We both spoke in each venue, and we both totally enjoyed them.
But I gained a new conviction about training communicators: anyone preparing for a role that involves public speaking should give presentations for children on a regular basis. Jan and I have done so many talks for adults that I cannot count them, but we have been in a children’s venue only a handful of times.
This latest experience with kids reinforces some things for me:
1. Talks really need to be shorter: We were asked to do 10-15 minutes for the children. But even this very reasonable request seemed like an eternity during the actual presentation. Some of that feeling doubtless reflected our inexperience, but I can only imagine how long it seemed to the kids! I have been an advocate of 25-minute sermons for a while now, but mine generally end up being something like 30 minutes, even using a timer. The spirit is willing, but the flesh is weak.
The children taught us that shorter (generally) is better. My case for short talks is not based on declining attention spans, but on two other ideas: (a) the time belongs to the audience not to me, so my task is to be a good steward; (b) cutting minutes from a talk forces me to use only my best stuff by condensing the content, hopefully getting rid of the Hamburger Helper and retaining the hamburger.
2. You are the ultimate weapon: On the road, presentation technology will work about 70% of the time. This figure climbs to about 85% whenever you have home court advantage. We could not get our Berkeley video to function for the children (our fault for not showing up earlier with the disc), but they did not seem to care. Even the collapse of the teddy bear strategy left them unmoved. Their response seemed to depend more on who we were and why we were there. Are we going to be more impressive than their video games?

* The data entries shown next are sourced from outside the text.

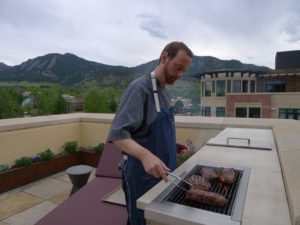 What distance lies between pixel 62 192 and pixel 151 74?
270cm

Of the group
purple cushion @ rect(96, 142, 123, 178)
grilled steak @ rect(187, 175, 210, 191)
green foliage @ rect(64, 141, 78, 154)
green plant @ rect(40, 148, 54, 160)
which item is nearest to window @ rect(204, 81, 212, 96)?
green foliage @ rect(64, 141, 78, 154)

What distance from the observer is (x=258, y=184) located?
1356 millimetres

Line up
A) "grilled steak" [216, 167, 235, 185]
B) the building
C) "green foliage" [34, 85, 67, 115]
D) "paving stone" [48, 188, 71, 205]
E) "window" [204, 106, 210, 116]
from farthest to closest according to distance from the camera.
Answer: "green foliage" [34, 85, 67, 115], "window" [204, 106, 210, 116], the building, "paving stone" [48, 188, 71, 205], "grilled steak" [216, 167, 235, 185]

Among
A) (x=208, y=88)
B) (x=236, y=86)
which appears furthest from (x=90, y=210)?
(x=236, y=86)

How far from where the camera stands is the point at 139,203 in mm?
1159

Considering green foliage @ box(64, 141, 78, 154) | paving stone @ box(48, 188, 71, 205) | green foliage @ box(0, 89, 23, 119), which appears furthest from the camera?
green foliage @ box(0, 89, 23, 119)

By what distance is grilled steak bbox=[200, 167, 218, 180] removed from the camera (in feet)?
4.79

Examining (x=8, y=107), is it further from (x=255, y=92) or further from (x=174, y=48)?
(x=174, y=48)

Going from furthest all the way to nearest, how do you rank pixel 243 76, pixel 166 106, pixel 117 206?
pixel 243 76 < pixel 117 206 < pixel 166 106

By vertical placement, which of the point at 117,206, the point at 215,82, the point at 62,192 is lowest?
the point at 62,192

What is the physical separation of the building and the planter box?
19.8 meters

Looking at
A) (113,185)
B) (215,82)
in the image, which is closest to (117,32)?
(113,185)

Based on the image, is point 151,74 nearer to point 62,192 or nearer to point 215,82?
point 62,192

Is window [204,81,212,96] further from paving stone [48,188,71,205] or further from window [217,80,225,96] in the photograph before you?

I don’t think so.
This experience made me wonder if we are over-developing our technology and under-developing ourselves as communicators. I’m not suggesting this is always a trade-off, but that with all our production meetings, creativity teams, and branding, who is in charge of developing the communicator him/herself into a person worth listening to?

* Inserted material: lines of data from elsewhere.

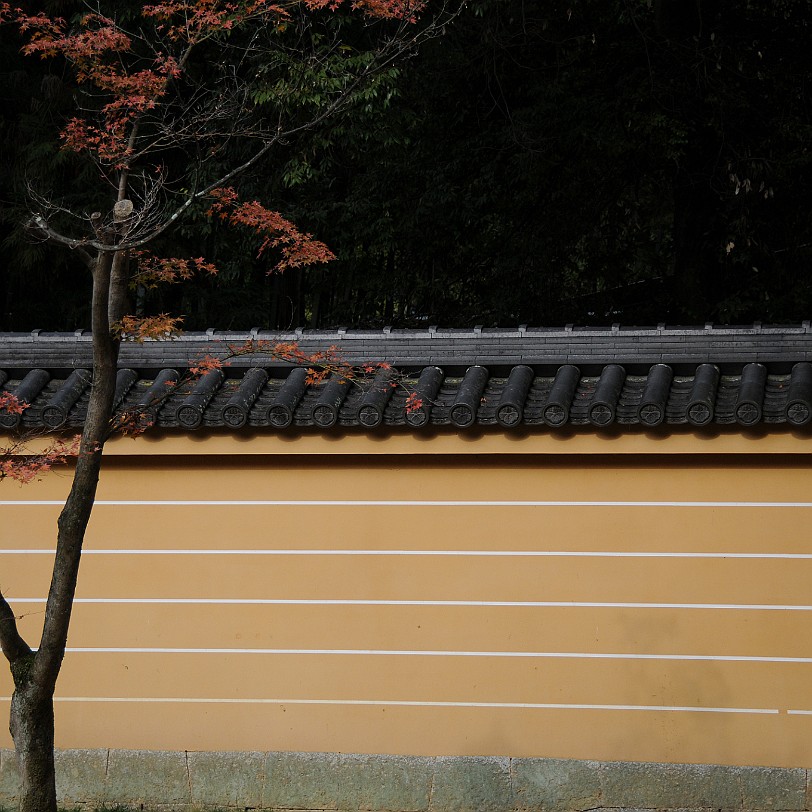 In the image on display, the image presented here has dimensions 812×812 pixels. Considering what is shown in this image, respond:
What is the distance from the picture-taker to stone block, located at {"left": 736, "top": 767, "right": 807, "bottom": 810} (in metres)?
6.01

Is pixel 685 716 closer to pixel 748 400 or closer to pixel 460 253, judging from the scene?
pixel 748 400

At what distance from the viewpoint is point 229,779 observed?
6359mm

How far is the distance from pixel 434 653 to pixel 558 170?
8.54 meters

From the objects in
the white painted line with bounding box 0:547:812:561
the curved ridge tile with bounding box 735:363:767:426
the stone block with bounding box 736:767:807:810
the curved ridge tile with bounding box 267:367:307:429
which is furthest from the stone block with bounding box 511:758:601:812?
the curved ridge tile with bounding box 267:367:307:429

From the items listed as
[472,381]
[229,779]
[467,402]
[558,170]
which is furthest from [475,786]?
[558,170]

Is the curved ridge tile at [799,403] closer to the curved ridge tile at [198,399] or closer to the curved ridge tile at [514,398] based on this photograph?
the curved ridge tile at [514,398]

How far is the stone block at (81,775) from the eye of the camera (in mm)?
6441

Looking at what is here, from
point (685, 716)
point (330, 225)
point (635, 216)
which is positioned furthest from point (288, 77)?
Answer: point (685, 716)

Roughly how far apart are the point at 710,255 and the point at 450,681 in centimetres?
864

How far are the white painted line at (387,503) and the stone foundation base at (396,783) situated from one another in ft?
4.90

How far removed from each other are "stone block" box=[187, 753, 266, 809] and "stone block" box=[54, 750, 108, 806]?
1.86 feet

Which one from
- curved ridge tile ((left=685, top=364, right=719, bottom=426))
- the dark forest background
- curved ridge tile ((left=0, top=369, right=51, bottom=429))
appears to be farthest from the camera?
the dark forest background

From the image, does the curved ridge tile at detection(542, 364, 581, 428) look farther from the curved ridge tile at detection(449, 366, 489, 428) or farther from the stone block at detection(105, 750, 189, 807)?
the stone block at detection(105, 750, 189, 807)

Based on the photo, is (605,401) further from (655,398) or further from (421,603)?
(421,603) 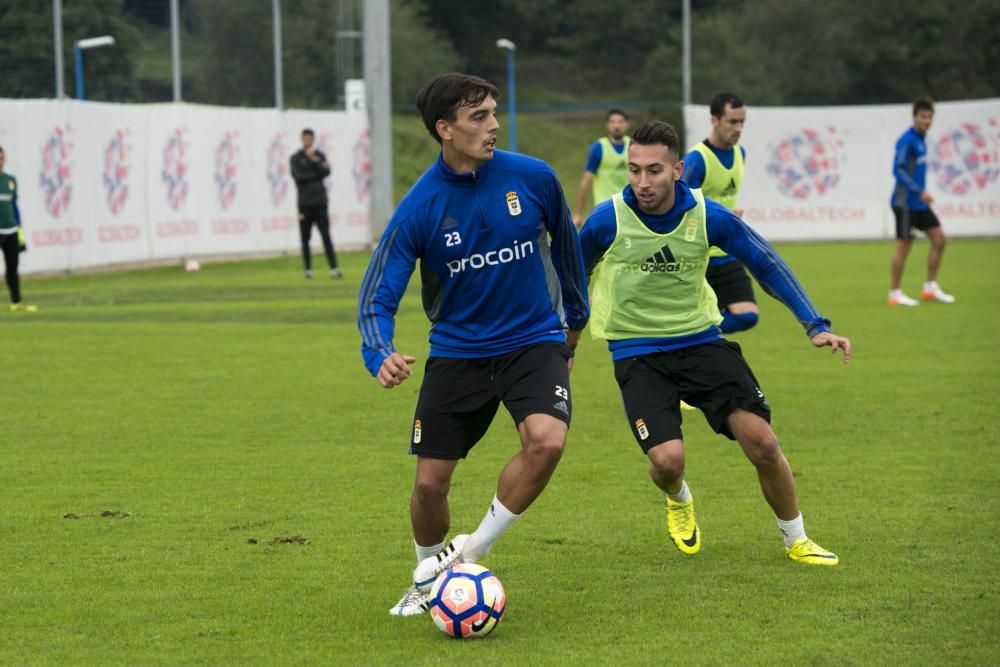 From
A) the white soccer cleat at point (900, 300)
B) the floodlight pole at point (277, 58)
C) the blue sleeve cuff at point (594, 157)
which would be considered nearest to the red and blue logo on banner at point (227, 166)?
the floodlight pole at point (277, 58)

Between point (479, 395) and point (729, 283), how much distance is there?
5707mm

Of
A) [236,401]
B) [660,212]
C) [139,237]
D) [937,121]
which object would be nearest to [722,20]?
[937,121]

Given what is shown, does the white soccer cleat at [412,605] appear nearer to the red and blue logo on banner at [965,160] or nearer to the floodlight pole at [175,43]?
the floodlight pole at [175,43]

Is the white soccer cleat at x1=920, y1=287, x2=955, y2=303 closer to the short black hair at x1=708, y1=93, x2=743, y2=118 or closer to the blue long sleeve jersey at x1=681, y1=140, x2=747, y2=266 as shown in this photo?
the blue long sleeve jersey at x1=681, y1=140, x2=747, y2=266

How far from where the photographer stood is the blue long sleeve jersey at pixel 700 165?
11.2m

3. Feedback is my friend: Adult audiences are usually too nice. Even when I am doing a talk that is not moving people at all, many in the audience will solidify their facial expression into a frozen mask of feigned interest. Sure, some will play with their phones, but lots of people will pretend to be engaged while secretly watching another movie in the multiplex theater of their minds (or their phone).
Children are not so. They are honest. Whenever Jan and I lost the attention of our elementary age students, their posture and expressions immediately made this painfully clear forcing us to try something else to regain their interest (the Cal Bear growl helped a lot). Similarly, watching yourself on video as soon after a talk as possible is a tremendous way to improve, as is soliciting input through surveys or focus groups. Why not invite a future-Christian to a service and ask him or her give you an evaluation of a sermon? I ask my students in preaching classes to do this sort of thing, and often see profound results.
Communicating across cultural lines is the single most effective way to grow as a speaker. The line between adults and children is one of those opportunities. Think you’re pretty good? Try speaking to kids.
Great post, Earl! With 2 decades in children’s ministry (both volunteer and full-time and both in the US and Romania), I believe that preparing a 10-min talk for kids week-in and week-out is invaluable preparation for ministry to all other age-groups, so much so that it should be mandatory that it should be a mandatory part of training for all pastors.